Exercise 6.2 of Class 11 Maths in NCERT focuses on topics related to permutations when all the objects are distinct, and the factorial method is used to understand the count and organise the objects in different orders. These concepts further help in other topics such as probability. The NCERT Solutions discuss the step-by-step methodology to apply these techniques effectively.
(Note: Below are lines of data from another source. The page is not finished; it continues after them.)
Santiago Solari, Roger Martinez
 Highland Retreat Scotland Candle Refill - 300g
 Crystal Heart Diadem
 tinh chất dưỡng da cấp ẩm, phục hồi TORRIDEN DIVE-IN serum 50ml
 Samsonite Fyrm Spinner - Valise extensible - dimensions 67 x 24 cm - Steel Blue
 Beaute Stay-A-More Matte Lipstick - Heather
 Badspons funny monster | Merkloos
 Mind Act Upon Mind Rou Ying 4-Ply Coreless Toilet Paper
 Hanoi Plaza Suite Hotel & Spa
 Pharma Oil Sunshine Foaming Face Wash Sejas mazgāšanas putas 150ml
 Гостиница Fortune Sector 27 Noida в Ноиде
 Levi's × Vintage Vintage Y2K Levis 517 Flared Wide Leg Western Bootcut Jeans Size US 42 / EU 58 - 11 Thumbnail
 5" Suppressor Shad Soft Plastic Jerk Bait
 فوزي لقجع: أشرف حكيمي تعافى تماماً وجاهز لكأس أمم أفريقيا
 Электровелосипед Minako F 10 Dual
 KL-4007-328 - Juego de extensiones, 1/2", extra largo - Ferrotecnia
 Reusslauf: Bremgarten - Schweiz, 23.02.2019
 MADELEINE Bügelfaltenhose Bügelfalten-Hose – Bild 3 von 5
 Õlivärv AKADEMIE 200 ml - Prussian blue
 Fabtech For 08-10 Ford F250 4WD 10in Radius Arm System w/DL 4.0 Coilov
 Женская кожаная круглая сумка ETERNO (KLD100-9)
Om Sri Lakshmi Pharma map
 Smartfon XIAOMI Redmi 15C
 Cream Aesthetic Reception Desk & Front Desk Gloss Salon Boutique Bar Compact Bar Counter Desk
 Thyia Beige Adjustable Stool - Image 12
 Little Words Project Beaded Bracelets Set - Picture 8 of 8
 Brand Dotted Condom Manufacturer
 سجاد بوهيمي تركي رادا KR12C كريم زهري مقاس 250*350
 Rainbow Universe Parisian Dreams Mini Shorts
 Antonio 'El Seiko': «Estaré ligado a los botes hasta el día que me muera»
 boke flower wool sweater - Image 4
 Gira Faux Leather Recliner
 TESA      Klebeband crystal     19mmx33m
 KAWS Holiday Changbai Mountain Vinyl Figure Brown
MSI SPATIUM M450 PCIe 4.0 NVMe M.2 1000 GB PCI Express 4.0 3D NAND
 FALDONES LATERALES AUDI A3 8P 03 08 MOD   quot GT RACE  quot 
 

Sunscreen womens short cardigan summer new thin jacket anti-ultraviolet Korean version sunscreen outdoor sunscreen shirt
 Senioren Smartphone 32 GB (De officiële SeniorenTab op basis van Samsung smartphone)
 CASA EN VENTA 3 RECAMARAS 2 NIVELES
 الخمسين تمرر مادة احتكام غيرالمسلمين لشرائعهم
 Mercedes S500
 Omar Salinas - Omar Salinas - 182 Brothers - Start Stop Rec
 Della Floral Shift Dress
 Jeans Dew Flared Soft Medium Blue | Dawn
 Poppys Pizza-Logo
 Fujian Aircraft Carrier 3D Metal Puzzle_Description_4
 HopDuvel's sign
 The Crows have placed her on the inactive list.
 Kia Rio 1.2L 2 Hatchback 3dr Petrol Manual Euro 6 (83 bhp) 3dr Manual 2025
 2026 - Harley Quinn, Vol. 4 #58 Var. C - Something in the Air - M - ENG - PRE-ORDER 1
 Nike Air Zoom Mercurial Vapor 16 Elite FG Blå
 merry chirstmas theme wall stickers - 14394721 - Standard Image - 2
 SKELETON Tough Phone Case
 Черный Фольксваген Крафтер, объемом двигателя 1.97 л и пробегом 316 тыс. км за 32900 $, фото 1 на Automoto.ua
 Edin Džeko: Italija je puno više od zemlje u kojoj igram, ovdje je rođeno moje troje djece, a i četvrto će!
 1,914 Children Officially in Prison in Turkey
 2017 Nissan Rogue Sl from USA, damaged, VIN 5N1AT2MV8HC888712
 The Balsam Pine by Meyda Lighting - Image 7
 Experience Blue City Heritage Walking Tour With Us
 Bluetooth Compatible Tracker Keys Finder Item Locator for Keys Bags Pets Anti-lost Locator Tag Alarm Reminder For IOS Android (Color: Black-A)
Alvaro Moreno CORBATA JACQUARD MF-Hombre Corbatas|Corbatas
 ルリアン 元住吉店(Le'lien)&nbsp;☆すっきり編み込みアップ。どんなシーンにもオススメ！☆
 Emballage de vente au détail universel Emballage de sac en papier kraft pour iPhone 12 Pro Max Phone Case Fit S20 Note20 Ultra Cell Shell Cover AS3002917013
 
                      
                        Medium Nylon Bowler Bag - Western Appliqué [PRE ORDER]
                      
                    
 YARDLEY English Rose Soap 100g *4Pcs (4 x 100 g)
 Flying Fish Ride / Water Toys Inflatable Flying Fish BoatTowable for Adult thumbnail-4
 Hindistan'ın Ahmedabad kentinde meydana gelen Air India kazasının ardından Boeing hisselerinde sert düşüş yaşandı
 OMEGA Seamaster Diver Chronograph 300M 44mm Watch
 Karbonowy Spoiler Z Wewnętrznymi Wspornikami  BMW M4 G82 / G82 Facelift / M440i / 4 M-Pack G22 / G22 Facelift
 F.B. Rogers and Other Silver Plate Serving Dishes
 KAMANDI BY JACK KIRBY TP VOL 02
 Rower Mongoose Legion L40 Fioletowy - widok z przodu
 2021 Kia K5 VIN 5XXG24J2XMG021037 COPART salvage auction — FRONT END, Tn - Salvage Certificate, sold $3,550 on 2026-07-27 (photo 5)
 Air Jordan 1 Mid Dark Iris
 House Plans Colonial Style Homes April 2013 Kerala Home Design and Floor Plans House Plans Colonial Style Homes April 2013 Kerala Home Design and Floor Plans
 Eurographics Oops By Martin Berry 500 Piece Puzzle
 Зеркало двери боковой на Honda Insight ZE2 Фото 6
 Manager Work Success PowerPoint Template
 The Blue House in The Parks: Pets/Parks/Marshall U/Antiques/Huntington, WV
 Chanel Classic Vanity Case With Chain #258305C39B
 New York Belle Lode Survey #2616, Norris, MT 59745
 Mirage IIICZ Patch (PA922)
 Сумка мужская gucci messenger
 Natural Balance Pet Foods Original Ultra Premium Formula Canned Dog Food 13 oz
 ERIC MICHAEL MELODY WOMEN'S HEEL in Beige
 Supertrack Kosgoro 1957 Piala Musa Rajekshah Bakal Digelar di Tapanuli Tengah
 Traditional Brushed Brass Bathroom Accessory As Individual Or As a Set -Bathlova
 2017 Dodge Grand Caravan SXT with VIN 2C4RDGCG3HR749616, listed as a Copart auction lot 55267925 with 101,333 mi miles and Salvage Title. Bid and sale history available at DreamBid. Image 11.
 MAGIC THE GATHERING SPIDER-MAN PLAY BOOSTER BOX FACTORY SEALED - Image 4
NCERT Solutions Class 11 Maths Chapter 6 Exercise 6.2

Question:1(i) Evaluate $\; 8 !$

Answer:

Factorial can be given as :

$8!=8\times 7\times 6\times 5\times \times 4\times 3\times 2\times 1=40320$

Question:1(ii) Evaluate $\; 4!-3!$

Answer:

Factorial can be given as :

$(ii)\; 4!-3!$

$=( 4\times 3\times 2\times 1)-(3\times 2\times 1)$

$=24-6$

$=18$

Question:2 Is $3!+4!=7!\; ?$

Answer:

Factorial can be given as :

To prove : $3!+4!=7!$

R.H.S : $3!+4!$

$=(3\times 2\times 1)+( 4\times 3\times 2\times 1)$

$=6+24$

$=30$

L.H.S : $7!$

$=7\times 6\times 5\times 4\times 3\times 2\times 1=5040$

$L.H.S\neq R.H.S$

Question:3 Compute $\frac{8!}{6!\times 2!}$

Answer:

To compute the factorial :

$\frac{8!}{6!\times 2!}=\frac{8\times 7\times 6!}{6!\times 2\times 1}$

$=\frac{8\times 7}{ 2}$

$=4\times 7=28$

So the answer is 28

Question:4 If $\frac{1}{6!}+\frac{1}{7!}=\frac{x}{8!},$ find x

Answer:

Factorial can be given as :

To find x : $\frac{1}{6!}+\frac{1}{7!}=\frac{x}{8!},$

$R.H.S :\, \, \frac{1}{6!}+\frac{1}{7!}$

$= \frac{1}{6!}+\frac{1}{7\times 6!}$

$= \frac{1}{6!}(1+\frac{1}{7})$

$= \frac{1}{6!}(\frac{8}{7})$

$L.H.S:\, \, \frac{x}{8!},$

$=\frac{x}{8\times 7\times 6!}$

Given : $L.H.S= R.H.S$

$\frac{1}{6!}\left ( \frac{8}{7} \right )=\frac{x}{8\times 7\times 6!}$

$\Rightarrow \, \, 8=\frac{x}{8}$

$\Rightarrow \, \, x=8\times 8=64$

Question:5(i) Evaluate $\frac{n!}{(n-r)!},$ when

$\; n=6,r=2$

Answer:

To evaluate $\frac{n!}{(n-r)!},$

Put $n=6,r=2$

$\frac{n!}{(n-r)!}=\frac{6!}{(6-2)!}$

$=\frac{6!}{4!}$

$=\frac{6\times 5\times 4!}{4!}$

$=6\times 5=30$

Question:5(ii) Evaluate $\frac{n!}{(n-r)!},$ when

$\; n=9,r=5$

Answer:

To evaluate $\frac{n!}{(n-r)!},$

Put $n=9,r=5$

$\frac{n!}{(n-r)!}=\frac{9!}{(9-5)!}$

$=\frac{9!}{4!}$

$=\frac{9\times 8\times 7\times 6\times 5\times 4!}{4!}$

$=9\times 8\times 7\times 6\times 5=15120$

Also, see

Topics covered in Chapter 6 Permutations and Combinations Exercise 6.2

1. Permutations:
Permutations mean the different ways of arranging a set of objects in a specific order. In permutations, the order of arrangement is important. Understanding of this concept further helps in solving complex problems.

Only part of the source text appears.